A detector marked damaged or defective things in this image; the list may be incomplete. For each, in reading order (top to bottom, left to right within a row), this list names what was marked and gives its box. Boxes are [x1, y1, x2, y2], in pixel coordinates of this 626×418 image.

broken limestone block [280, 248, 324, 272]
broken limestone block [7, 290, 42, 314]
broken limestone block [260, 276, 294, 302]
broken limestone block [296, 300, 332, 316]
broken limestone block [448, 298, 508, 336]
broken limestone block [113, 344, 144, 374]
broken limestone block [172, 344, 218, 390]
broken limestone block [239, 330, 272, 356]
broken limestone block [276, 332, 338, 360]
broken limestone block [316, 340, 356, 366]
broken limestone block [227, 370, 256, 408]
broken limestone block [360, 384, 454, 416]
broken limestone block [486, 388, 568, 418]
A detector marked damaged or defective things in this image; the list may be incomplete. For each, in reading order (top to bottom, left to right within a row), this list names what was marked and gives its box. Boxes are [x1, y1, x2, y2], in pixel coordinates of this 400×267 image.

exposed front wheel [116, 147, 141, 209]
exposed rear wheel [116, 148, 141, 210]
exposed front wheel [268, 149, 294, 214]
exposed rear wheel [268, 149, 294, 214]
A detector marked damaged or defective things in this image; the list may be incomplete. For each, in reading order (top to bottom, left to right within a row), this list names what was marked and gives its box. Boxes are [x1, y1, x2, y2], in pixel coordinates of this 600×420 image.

==*==

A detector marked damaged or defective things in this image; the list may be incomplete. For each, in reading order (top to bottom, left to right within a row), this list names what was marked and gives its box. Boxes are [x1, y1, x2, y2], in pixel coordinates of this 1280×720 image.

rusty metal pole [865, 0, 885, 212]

==*==

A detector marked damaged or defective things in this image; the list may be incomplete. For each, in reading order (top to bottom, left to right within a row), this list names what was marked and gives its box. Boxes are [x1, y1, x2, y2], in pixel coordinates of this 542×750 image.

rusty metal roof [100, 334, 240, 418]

==*==

• [WHAT IS REQUIRED]
Retype only this portion of the data above: the line containing "this 626×418 image.", the line containing "this 600×420 image.", and all lines between them, exactly.

• [ANSWER BOX]
A detector marked damaged or defective things in this image; the list may be incomplete. For each, in reading order (top to bottom, left to right within a row), this list names what was marked and gives its box. Boxes are [x1, y1, x2, y2], in pixel coordinates of this 626×418 image.

broken limestone block [280, 248, 324, 272]
broken limestone block [7, 290, 42, 314]
broken limestone block [260, 276, 294, 302]
broken limestone block [296, 300, 332, 316]
broken limestone block [448, 298, 508, 336]
broken limestone block [113, 344, 144, 374]
broken limestone block [172, 344, 218, 390]
broken limestone block [239, 330, 272, 356]
broken limestone block [276, 332, 338, 360]
broken limestone block [316, 340, 356, 366]
broken limestone block [227, 370, 256, 408]
broken limestone block [360, 384, 454, 416]
broken limestone block [486, 388, 568, 418]
A detector marked damaged or defective things in this image; the list may be incomplete. For each, in reading order (top to bottom, left to right within a row), this list names what was marked and gives its box. Boxes are [x1, y1, x2, y2], in pixel coordinates of this 400×267 image.

exposed front wheel [116, 147, 141, 209]
exposed rear wheel [116, 148, 141, 210]
exposed front wheel [268, 149, 294, 214]
exposed rear wheel [268, 149, 294, 214]
A detector marked damaged or defective things in this image; the list may be incomplete. For each, in reading order (top to bottom, left to right within a row), this list names what was marked and gives its box. Boxes are [x1, y1, x2, y2], in pixel coordinates of this 600×420 image.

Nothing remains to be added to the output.